In social media, though, brands aren’t doing a good job of acting like our human friends. A recent report by digital agency 360i (see Forbes) shows that consumers use Twitter to converse with their online friends — @Replies, in Twitterspeak — while brands predominantly use social media to talk about themselves.
“When marketers use Twitter, 360i says that 75% of the time they are using it to disseminate news or information about the brand, as opposed to actively engaging Twitter users. Consumers are only engaged by the brand approximately 16% of the time. Putting that in perspective, consumers engaged in conversation with each other 43% of the time.”

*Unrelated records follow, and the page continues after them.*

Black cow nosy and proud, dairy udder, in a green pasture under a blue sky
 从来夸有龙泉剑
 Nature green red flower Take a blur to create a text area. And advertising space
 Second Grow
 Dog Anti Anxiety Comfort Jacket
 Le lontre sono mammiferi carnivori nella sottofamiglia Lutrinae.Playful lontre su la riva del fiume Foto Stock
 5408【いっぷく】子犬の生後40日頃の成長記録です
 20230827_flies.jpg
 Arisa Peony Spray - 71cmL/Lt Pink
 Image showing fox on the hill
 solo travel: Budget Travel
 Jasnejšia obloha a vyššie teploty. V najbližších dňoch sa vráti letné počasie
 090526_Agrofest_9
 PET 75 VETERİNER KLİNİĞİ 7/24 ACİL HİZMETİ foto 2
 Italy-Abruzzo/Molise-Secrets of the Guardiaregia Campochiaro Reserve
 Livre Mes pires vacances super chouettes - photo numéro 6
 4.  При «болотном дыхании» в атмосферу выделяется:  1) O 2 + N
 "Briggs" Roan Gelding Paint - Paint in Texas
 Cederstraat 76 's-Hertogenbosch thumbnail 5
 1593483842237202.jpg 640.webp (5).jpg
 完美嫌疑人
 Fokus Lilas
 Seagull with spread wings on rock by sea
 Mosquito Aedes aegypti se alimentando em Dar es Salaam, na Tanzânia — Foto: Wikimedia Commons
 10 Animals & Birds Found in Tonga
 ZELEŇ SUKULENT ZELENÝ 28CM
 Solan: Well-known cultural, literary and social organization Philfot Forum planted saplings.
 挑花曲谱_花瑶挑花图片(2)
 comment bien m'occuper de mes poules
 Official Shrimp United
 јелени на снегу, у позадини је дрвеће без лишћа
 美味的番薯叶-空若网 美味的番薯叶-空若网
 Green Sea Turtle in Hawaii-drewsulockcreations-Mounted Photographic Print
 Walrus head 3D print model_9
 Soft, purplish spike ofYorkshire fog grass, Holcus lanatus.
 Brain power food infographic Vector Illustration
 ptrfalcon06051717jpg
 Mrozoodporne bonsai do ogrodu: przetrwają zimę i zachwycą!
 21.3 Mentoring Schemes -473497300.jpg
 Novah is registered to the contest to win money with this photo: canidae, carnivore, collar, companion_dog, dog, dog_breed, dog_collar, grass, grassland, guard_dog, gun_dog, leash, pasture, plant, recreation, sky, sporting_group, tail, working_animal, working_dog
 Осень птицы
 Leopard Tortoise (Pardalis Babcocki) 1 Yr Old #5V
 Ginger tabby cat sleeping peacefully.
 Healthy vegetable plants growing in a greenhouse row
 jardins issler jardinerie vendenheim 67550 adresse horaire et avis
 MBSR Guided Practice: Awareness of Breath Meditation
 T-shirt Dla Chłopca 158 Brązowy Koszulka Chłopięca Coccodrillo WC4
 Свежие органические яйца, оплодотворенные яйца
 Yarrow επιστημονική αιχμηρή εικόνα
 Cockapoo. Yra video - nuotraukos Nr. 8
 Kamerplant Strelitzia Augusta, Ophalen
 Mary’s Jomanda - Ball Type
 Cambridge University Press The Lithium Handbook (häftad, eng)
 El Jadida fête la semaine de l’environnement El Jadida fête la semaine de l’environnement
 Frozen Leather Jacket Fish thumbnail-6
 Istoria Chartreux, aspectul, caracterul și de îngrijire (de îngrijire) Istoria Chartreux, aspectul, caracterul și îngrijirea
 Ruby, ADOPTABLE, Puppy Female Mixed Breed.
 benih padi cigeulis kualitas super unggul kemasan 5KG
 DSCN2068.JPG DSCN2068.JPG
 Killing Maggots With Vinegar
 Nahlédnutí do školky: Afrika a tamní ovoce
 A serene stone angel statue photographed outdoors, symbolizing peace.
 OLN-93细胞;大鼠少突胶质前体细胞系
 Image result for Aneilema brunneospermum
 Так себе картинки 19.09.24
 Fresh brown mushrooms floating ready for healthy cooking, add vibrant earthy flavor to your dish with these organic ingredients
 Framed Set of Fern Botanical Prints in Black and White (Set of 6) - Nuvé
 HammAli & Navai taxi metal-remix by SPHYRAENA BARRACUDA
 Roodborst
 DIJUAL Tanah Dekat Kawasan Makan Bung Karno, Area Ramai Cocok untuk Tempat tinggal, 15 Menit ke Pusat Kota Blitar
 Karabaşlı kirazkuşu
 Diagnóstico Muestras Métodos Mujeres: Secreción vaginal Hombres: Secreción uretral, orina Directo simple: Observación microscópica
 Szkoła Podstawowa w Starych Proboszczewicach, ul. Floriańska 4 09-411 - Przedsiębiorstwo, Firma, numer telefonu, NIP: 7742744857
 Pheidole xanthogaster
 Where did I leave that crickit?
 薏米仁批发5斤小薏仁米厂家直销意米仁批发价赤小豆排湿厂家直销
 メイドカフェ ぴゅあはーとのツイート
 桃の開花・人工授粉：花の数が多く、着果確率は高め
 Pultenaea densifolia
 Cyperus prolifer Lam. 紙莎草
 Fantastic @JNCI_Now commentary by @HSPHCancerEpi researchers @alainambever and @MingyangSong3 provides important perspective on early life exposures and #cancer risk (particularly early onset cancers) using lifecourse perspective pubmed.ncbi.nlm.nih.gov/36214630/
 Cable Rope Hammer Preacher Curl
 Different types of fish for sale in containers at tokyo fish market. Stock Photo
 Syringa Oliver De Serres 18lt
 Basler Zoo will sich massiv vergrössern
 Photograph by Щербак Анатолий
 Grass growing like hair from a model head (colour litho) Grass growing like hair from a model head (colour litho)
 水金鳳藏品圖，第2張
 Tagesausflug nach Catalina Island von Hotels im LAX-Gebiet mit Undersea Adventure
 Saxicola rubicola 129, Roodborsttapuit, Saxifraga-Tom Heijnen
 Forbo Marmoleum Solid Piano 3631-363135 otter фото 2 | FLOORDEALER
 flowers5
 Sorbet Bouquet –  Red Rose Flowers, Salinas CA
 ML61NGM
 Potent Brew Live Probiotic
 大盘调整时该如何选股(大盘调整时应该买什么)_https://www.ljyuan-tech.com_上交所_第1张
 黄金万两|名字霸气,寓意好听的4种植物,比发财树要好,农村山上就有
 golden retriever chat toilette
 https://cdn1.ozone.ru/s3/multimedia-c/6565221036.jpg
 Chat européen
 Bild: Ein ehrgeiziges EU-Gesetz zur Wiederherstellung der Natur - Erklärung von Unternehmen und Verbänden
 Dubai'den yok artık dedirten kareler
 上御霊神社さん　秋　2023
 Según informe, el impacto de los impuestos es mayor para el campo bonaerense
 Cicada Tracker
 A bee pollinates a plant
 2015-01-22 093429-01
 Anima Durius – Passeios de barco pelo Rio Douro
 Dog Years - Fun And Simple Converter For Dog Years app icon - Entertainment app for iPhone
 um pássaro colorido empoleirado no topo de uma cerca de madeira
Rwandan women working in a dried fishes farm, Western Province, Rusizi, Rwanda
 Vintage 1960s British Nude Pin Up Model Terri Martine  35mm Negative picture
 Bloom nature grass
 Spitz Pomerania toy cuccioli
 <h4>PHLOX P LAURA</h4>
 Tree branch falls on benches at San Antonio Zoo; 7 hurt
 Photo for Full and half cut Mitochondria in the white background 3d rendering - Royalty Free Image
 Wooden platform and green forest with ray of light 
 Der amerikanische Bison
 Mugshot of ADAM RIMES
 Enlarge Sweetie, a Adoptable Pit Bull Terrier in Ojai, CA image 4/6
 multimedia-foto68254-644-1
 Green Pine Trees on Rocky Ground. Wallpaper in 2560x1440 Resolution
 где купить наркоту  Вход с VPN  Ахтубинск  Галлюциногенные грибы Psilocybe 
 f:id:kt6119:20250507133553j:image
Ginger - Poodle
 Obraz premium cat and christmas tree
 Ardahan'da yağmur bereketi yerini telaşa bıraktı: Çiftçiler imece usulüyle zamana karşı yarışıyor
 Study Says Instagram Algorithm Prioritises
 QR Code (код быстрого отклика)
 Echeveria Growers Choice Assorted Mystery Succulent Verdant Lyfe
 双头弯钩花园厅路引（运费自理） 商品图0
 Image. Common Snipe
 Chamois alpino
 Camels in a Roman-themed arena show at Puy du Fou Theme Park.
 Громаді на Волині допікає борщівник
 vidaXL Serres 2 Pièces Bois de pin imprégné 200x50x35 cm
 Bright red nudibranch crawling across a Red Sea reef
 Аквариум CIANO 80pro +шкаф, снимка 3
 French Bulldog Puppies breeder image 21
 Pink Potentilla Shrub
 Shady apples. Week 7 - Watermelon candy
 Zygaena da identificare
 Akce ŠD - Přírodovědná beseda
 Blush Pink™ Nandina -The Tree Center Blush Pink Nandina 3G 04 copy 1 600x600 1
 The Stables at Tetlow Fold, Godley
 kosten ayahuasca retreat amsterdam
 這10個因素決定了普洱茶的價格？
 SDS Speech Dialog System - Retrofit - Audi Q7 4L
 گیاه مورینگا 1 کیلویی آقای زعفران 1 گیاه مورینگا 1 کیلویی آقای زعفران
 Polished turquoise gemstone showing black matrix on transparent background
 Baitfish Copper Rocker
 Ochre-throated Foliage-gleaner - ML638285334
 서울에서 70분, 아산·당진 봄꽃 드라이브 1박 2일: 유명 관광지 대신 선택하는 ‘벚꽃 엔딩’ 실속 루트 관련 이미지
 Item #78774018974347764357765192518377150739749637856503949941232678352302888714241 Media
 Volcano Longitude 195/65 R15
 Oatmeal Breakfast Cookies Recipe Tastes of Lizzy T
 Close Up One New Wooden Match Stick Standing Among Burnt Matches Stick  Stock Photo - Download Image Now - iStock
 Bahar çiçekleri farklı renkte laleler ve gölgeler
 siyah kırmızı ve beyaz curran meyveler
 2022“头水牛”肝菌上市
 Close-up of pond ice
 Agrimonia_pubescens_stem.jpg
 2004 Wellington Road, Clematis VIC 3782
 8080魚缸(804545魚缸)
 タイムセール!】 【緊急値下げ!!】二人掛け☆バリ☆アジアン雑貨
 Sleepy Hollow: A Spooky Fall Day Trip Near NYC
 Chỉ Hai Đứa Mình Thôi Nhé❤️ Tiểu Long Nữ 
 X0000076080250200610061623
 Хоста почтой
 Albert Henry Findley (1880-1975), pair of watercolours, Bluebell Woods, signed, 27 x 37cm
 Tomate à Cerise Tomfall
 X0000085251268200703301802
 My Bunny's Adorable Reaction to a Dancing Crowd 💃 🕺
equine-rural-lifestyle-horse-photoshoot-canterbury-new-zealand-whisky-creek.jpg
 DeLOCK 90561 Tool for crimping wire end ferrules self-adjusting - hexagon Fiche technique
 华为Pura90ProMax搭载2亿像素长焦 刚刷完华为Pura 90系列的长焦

And it turns out that behaving like a human in social media — listening and conversing rather than spouting from a soapbox — isn’t just an academic exercise or a contest to rack up follower counts. Charlene Li at the Altimeter Group recently ranked brands into a leaderboard of what she calls the Social Media Mavens, the brands that most actively engage with their followers, and cross-checked her data with financial performance of those companies. It turns out that acting more human in social media is good business.
“These Mavens on average grew 18% in revenues over the last 12 months, compared to the least engaged companies who on average saw a decline of 6% in revenue during the same period. The same holds true for two other financial metrics, gross margin and net profit.
“Note that we are not claiming a causal relationship — but there is clearly a correlation and connection. For example, a company mindset that allows a company to be broadly engage with customers on the whole probably performs better because the company is more focused on [customers] than the competition.”